UV Transmission in ballast water management
What is UV transmission?
UV-T is a measure of the capability of UV light to penetrate water. When the UV-T is high, close to 100%, the water is very clear and the UV light can penetrate deep into the water. On the other hand, when the UV-T is low, the water is very unclear and the UV light can only penetrate a limited distance into the water.
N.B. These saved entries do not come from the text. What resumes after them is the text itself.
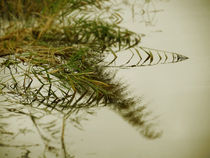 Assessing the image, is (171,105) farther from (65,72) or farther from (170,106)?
(65,72)

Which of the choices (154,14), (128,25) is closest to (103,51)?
(128,25)

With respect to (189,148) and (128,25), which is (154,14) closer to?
(128,25)

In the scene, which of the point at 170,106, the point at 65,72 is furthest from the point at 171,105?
the point at 65,72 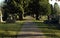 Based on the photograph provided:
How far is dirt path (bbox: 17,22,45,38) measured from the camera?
3.39 m

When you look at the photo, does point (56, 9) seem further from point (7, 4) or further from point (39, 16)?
point (7, 4)

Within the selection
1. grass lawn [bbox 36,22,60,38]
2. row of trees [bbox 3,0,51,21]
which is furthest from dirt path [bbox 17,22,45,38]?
row of trees [bbox 3,0,51,21]

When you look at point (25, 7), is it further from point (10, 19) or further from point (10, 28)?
point (10, 28)

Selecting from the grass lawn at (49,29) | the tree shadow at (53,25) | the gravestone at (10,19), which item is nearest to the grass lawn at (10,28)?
the gravestone at (10,19)

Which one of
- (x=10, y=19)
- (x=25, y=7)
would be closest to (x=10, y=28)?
(x=10, y=19)

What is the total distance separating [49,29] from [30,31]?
0.37m

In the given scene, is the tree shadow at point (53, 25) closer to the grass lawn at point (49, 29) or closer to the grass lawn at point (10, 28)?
the grass lawn at point (49, 29)

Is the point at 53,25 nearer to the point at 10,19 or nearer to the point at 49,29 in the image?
the point at 49,29

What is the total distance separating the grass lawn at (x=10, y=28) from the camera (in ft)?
11.2

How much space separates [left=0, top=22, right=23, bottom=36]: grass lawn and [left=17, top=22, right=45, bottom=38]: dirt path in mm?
97

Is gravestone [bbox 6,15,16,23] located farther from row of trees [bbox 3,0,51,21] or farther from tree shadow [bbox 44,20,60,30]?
tree shadow [bbox 44,20,60,30]

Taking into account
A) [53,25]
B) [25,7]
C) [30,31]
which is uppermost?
[25,7]

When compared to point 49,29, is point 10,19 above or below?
above

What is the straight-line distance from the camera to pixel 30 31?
3480mm
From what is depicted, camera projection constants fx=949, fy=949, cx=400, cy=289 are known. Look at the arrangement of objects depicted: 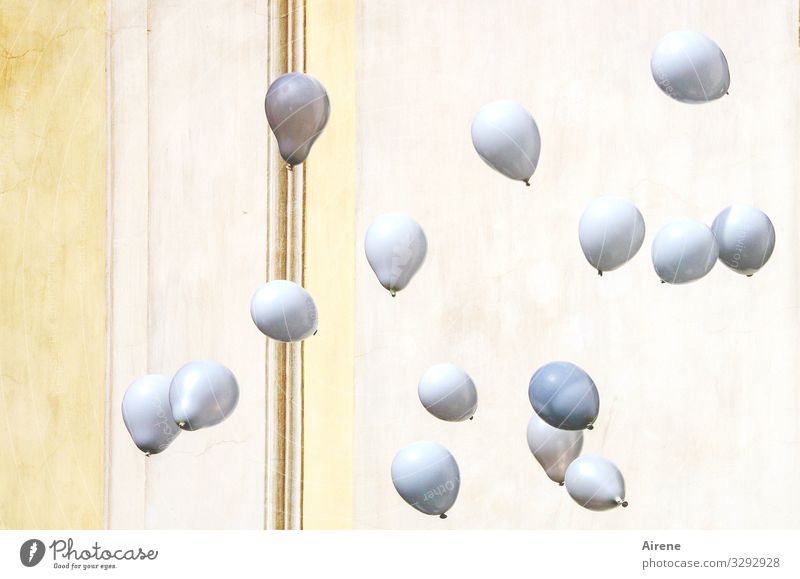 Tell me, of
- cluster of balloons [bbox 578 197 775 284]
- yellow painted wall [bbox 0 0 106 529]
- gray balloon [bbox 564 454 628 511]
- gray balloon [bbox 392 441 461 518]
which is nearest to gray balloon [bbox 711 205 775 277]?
cluster of balloons [bbox 578 197 775 284]

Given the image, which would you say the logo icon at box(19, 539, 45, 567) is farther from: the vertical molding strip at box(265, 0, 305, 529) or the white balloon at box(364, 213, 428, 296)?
the white balloon at box(364, 213, 428, 296)

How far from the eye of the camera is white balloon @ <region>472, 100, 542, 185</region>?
0.91m

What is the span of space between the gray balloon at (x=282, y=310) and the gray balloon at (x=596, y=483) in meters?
0.31

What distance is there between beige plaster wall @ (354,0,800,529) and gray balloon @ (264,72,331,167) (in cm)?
9

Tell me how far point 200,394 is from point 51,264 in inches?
12.8

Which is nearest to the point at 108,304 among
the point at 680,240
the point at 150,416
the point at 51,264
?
the point at 51,264

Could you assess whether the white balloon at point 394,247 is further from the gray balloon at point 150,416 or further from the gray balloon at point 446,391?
the gray balloon at point 150,416

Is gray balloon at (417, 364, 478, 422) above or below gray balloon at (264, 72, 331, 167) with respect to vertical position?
below

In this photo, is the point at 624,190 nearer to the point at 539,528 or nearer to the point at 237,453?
the point at 539,528

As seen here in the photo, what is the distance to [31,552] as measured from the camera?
1.02m

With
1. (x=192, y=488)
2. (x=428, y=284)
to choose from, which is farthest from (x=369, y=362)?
(x=192, y=488)

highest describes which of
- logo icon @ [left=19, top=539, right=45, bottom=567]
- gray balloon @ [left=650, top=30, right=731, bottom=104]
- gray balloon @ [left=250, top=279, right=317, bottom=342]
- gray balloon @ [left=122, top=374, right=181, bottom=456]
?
gray balloon @ [left=650, top=30, right=731, bottom=104]

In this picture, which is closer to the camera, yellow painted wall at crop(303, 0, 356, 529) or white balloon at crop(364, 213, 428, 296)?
white balloon at crop(364, 213, 428, 296)

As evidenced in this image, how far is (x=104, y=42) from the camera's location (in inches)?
43.1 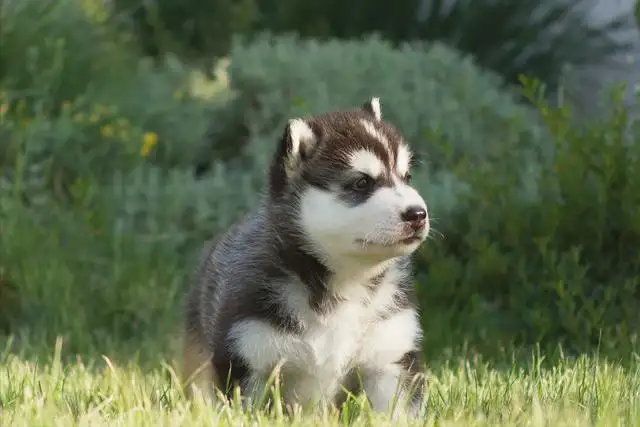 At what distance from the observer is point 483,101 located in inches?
343

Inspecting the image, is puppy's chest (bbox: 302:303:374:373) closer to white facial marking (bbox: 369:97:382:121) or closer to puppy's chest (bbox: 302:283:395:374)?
puppy's chest (bbox: 302:283:395:374)

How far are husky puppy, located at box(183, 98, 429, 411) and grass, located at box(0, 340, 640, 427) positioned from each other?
0.17m

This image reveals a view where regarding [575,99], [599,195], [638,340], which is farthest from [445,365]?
[575,99]

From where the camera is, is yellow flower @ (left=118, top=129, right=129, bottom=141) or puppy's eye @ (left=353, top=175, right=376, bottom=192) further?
yellow flower @ (left=118, top=129, right=129, bottom=141)

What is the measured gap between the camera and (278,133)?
823 cm

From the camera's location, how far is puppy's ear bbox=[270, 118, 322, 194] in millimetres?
3902

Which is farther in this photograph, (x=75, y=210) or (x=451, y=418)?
(x=75, y=210)

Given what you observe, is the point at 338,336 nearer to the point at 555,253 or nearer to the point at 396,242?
the point at 396,242

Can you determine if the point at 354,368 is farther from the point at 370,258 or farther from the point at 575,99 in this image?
the point at 575,99

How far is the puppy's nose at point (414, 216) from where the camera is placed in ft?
11.7

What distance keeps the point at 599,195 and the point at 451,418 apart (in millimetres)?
2950

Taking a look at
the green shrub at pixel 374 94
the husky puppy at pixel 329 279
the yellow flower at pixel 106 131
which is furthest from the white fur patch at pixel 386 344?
the yellow flower at pixel 106 131

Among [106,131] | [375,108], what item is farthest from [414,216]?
[106,131]

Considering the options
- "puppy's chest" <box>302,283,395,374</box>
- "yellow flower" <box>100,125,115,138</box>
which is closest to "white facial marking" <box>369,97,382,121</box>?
"puppy's chest" <box>302,283,395,374</box> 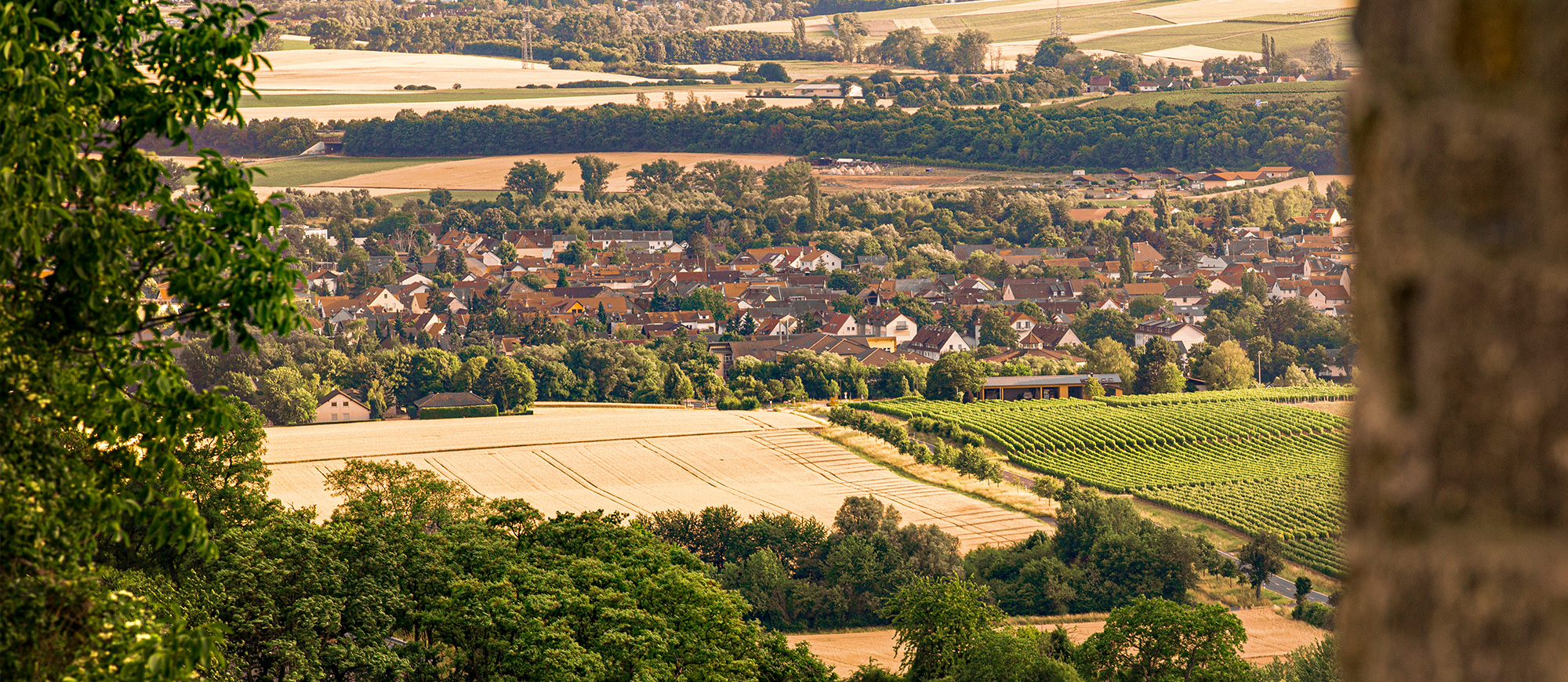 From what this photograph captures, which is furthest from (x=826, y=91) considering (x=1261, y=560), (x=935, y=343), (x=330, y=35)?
(x=1261, y=560)

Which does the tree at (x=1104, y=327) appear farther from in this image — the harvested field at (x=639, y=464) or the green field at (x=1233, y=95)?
the green field at (x=1233, y=95)

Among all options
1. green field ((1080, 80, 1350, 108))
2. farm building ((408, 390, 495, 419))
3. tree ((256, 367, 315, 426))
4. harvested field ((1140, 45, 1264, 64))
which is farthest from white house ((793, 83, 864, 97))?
tree ((256, 367, 315, 426))

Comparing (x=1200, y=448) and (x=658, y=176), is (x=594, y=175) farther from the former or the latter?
(x=1200, y=448)

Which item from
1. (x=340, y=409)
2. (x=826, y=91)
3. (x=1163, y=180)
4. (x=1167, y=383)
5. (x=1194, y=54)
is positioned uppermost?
(x=1194, y=54)

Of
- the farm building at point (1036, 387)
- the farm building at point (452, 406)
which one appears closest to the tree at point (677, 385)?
the farm building at point (452, 406)

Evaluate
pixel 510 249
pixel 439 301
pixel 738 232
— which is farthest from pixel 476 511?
pixel 738 232

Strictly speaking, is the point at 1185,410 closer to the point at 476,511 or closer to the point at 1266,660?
the point at 1266,660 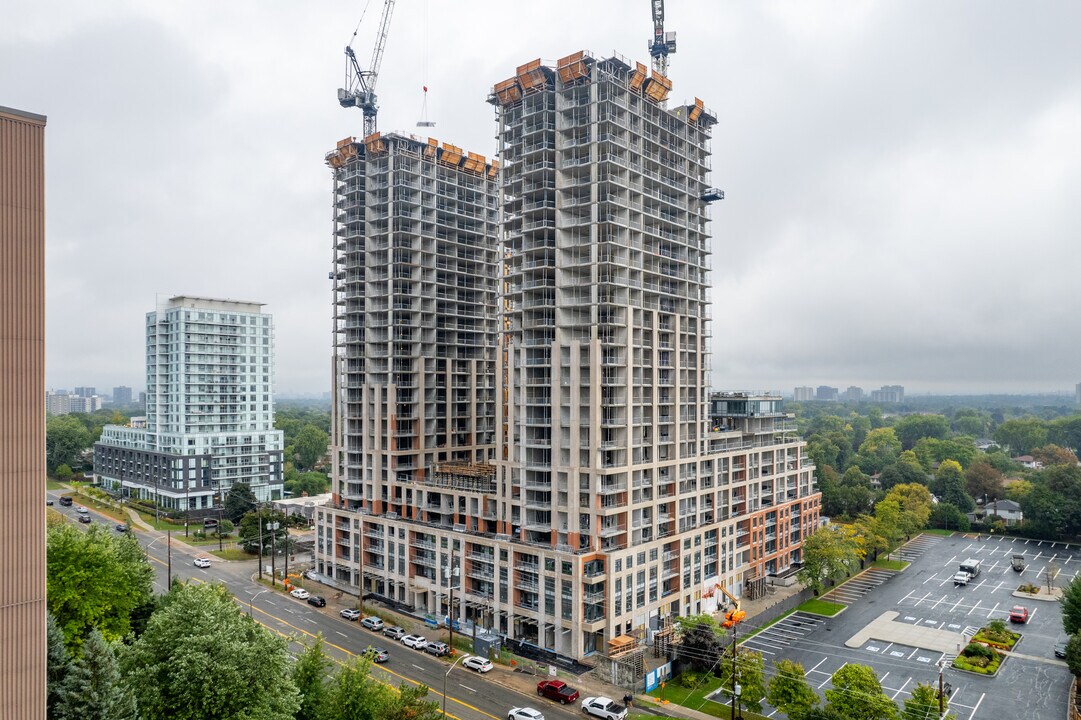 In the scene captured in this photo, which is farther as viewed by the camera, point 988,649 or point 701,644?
point 988,649

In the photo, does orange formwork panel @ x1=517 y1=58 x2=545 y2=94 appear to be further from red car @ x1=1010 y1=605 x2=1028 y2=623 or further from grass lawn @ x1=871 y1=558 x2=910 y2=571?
grass lawn @ x1=871 y1=558 x2=910 y2=571

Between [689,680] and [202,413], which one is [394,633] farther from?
[202,413]

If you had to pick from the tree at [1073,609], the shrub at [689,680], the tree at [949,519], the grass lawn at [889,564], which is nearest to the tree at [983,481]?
the tree at [949,519]

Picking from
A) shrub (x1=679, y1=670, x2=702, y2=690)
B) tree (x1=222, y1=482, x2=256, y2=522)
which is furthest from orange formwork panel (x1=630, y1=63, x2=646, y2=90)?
tree (x1=222, y1=482, x2=256, y2=522)

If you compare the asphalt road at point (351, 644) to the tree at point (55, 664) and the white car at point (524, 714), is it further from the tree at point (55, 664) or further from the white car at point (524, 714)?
the tree at point (55, 664)

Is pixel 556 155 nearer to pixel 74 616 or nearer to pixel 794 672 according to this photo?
pixel 794 672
Clearly, the UV-T of the water to be treated is of utmost importance. To kill or render an organism nonviable, a certain UV dose is required, and the applied UV dose is directly proportional with the UV intensity. Therefore, when the UV-T is low, significantly more UV power is needed to treat the water according to the required discharge standards.
Limitations of Ballast Water Management Systems
It should be acknowledged that all BWMS have limitations. Typically, chemical systems (e.g. electrochlorination) have limitations related to the salinity of the water to be treated, its temperature or the amount of organic material contained in the water; whereas UV based BWMS have limitations with regard to the UV transmission of the water to be treated.
In other words, all BWMS have special circumstances under which they cannot be expected to treat the water according to the IMO and USCG discharge standard. The trick for the ship owner is to select a BWMS that will work under normal operational conditions.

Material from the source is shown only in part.